=== What to do ===
Output, word for word, the line that contains "No-Drill Anti-Theft Video" and all lines after it in the records below, omitting pictures.

[Exercise material — start]

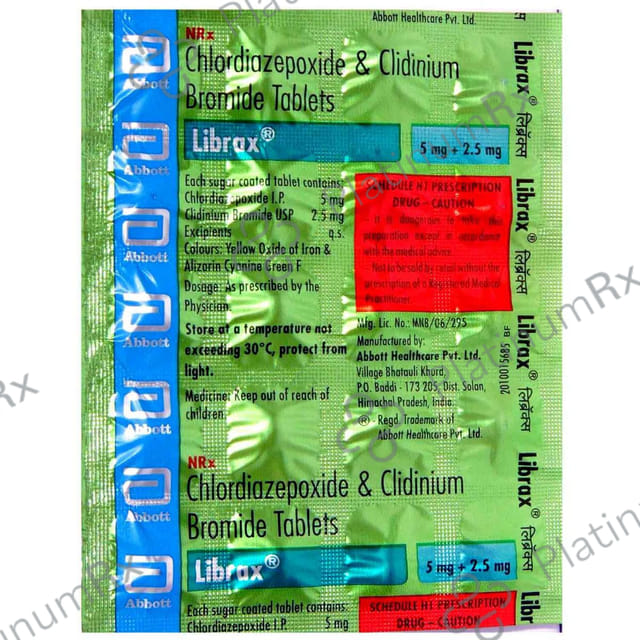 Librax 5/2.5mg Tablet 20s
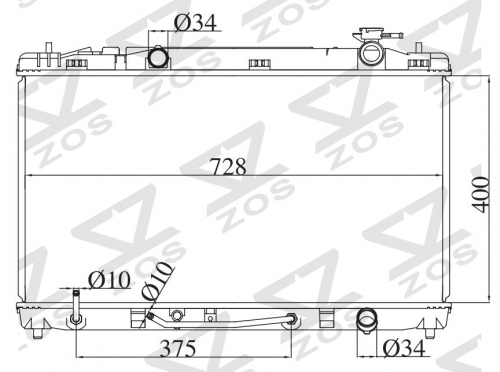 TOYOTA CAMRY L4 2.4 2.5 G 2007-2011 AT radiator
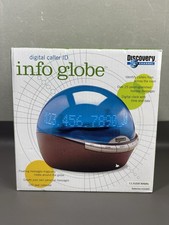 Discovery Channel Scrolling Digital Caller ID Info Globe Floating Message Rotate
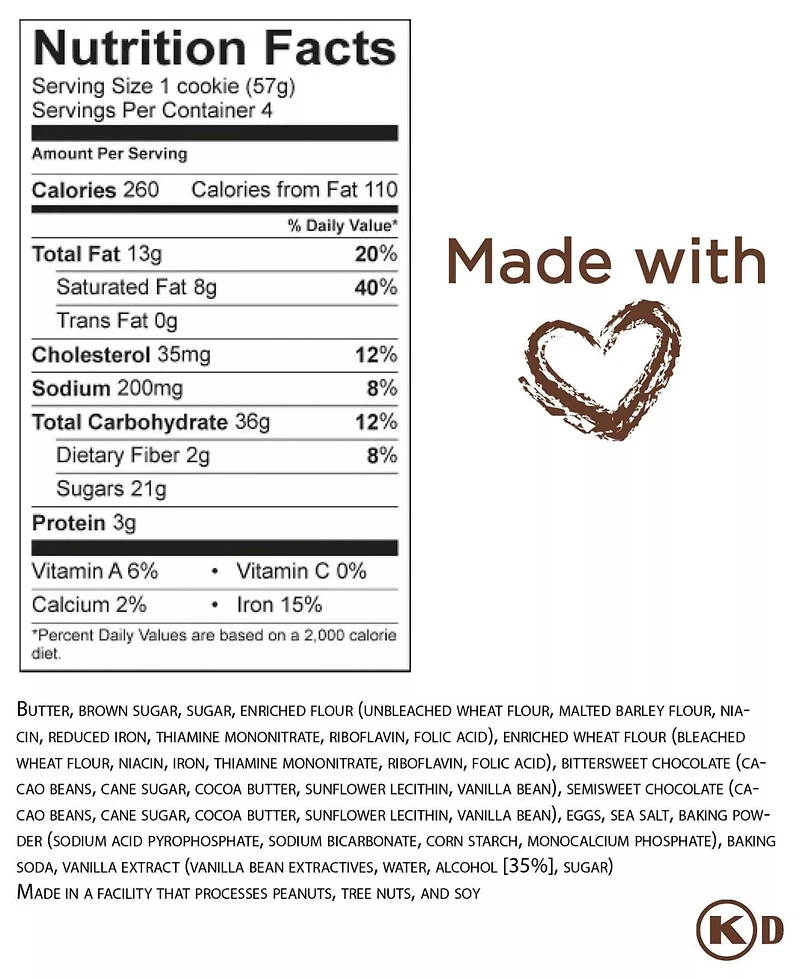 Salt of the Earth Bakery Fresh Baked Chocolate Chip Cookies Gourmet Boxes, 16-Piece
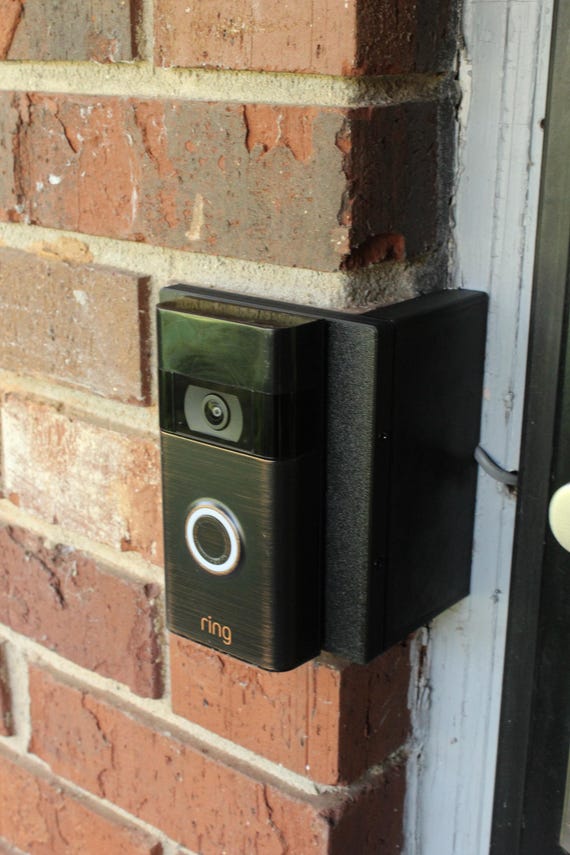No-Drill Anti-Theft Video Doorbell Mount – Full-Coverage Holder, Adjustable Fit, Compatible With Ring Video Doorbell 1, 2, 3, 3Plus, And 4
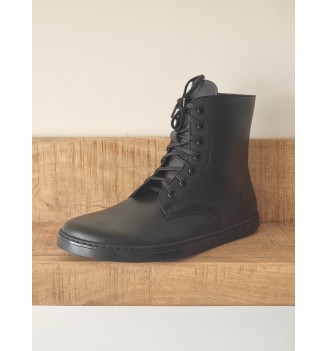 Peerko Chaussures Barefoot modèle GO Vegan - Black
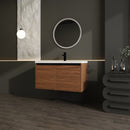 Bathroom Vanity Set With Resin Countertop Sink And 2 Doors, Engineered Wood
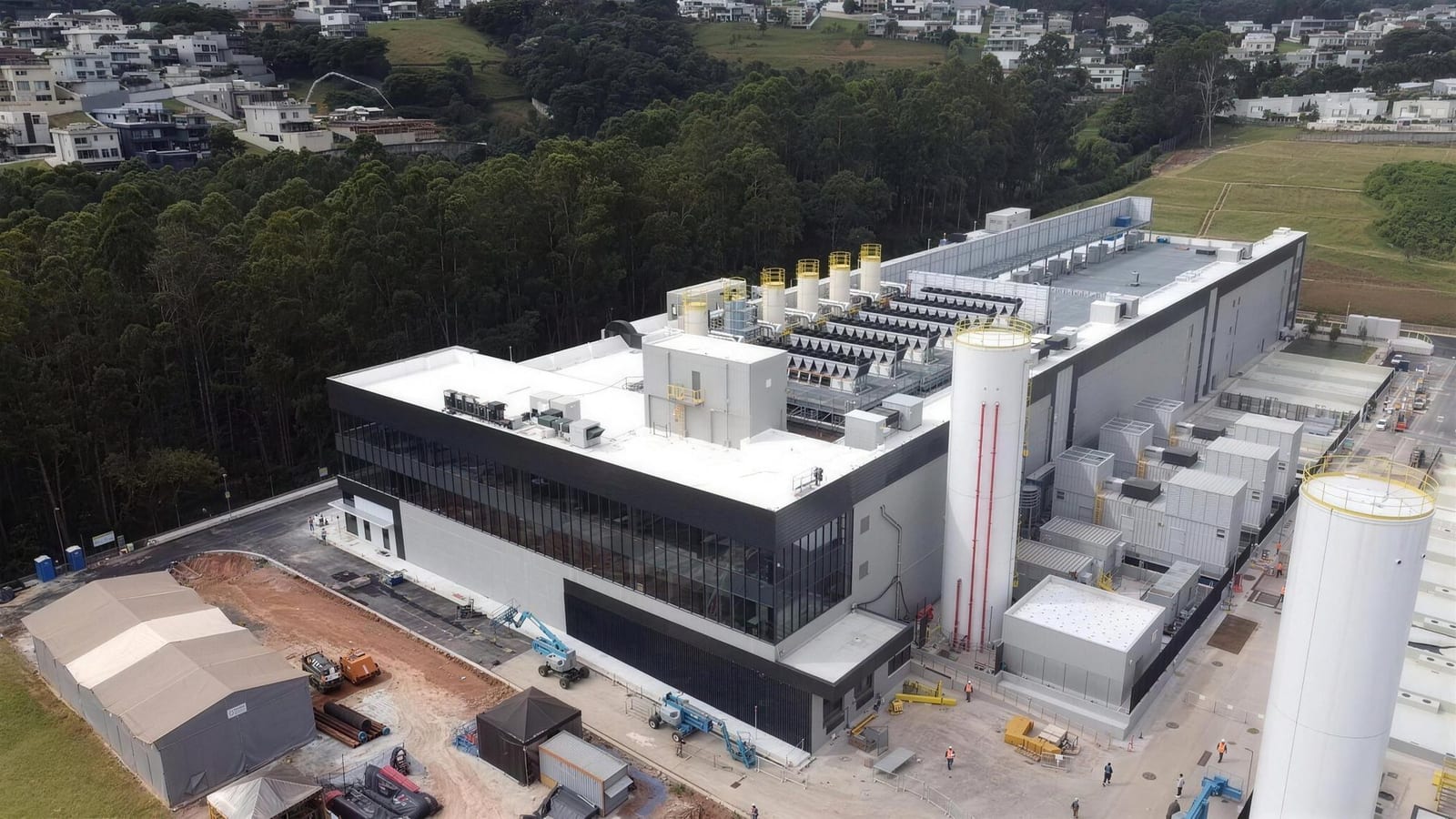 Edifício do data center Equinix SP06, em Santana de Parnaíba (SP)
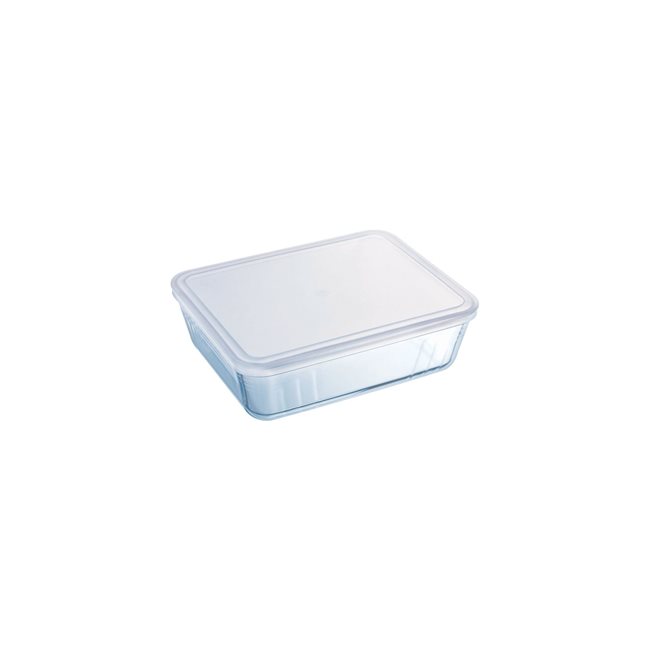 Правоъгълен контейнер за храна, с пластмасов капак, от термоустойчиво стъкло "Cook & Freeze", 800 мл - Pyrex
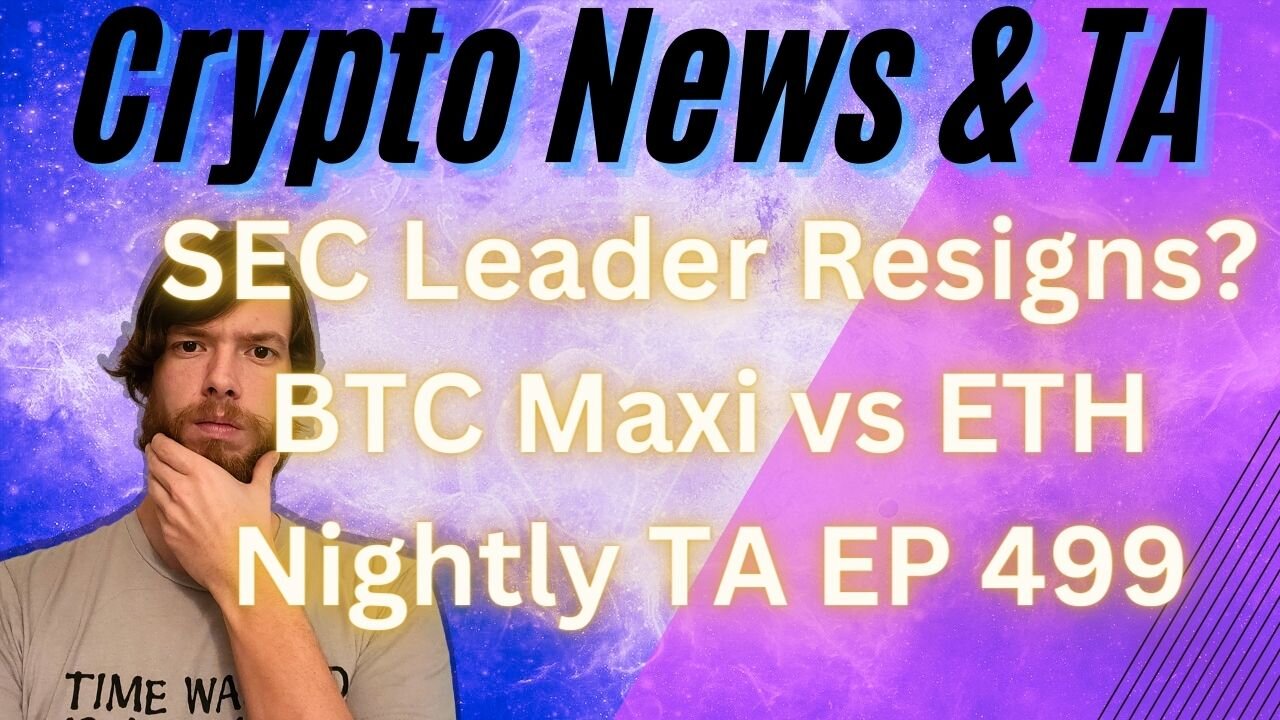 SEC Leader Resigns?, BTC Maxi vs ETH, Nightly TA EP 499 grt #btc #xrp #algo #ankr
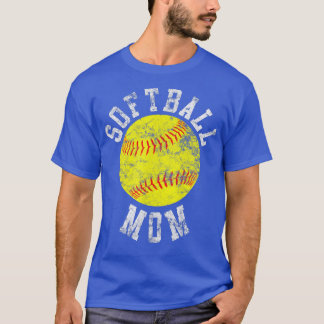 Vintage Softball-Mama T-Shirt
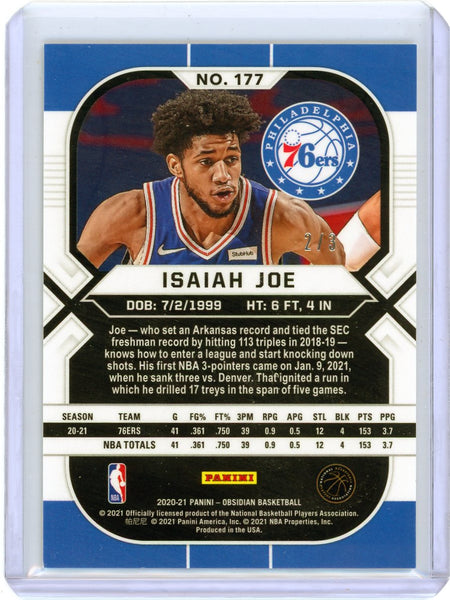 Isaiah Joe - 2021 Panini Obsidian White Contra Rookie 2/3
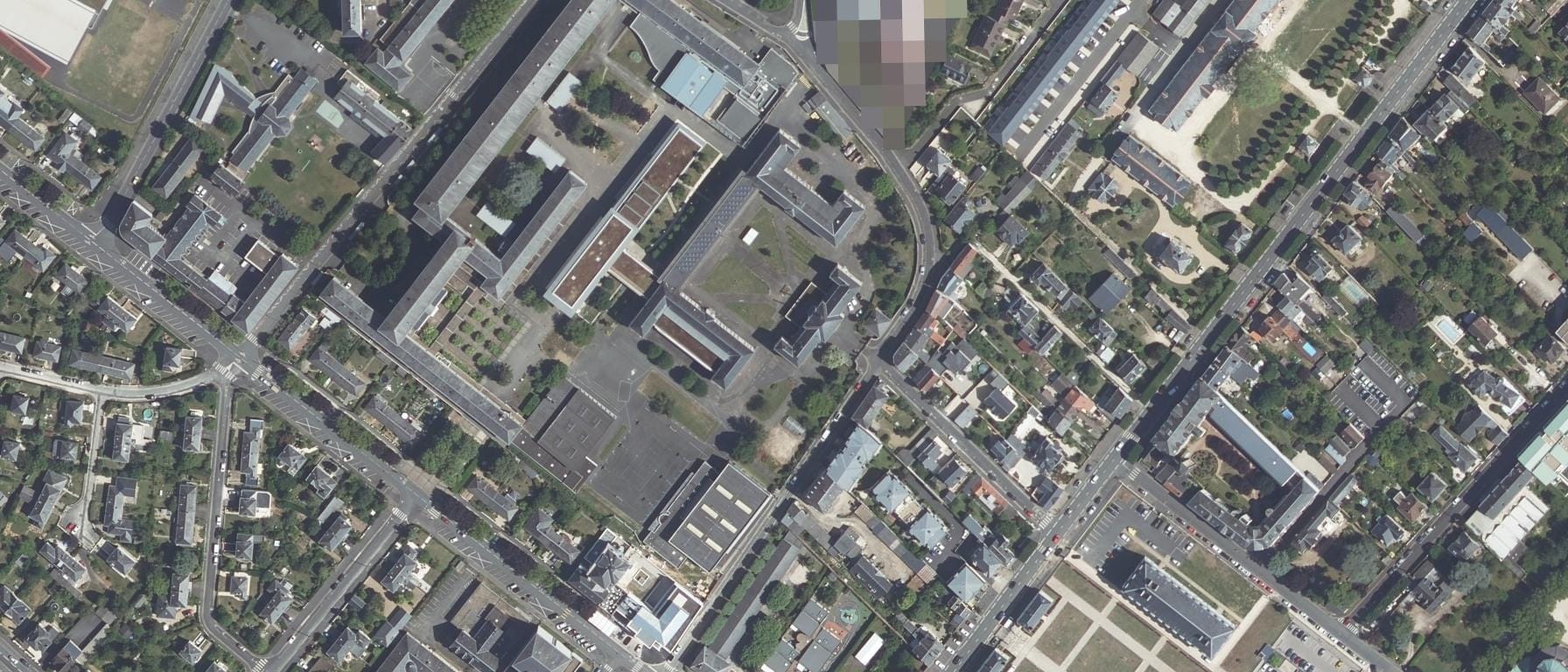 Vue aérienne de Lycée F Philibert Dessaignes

[Exercise material — finish]

=== Answer space ===
No-Drill Anti-Theft Video Doorbell Mount – Full-Coverage Holder, Adjustable Fit, Compatible With Ring Video Doorbell 1, 2, 3, 3Plus, And 4
 Peerko Chaussures Barefoot modèle GO Vegan - Black
 Bathroom Vanity Set With Resin Countertop Sink And 2 Doors, Engineered Wood
 Edifício do data center Equinix SP06, em Santana de Parnaíba (SP)
 Правоъгълен контейнер за храна, с пластмасов капак, от термоустойчиво стъкло "Cook & Freeze", 800 мл - Pyrex
 SEC Leader Resigns?, BTC Maxi vs ETH, Nightly TA EP 499 grt #btc #xrp #algo #ankr
 Vintage Softball-Mama T-Shirt
 Isaiah Joe - 2021 Panini Obsidian White Contra Rookie 2/3
 Vue aérienne de Lycée F Philibert Dessaignes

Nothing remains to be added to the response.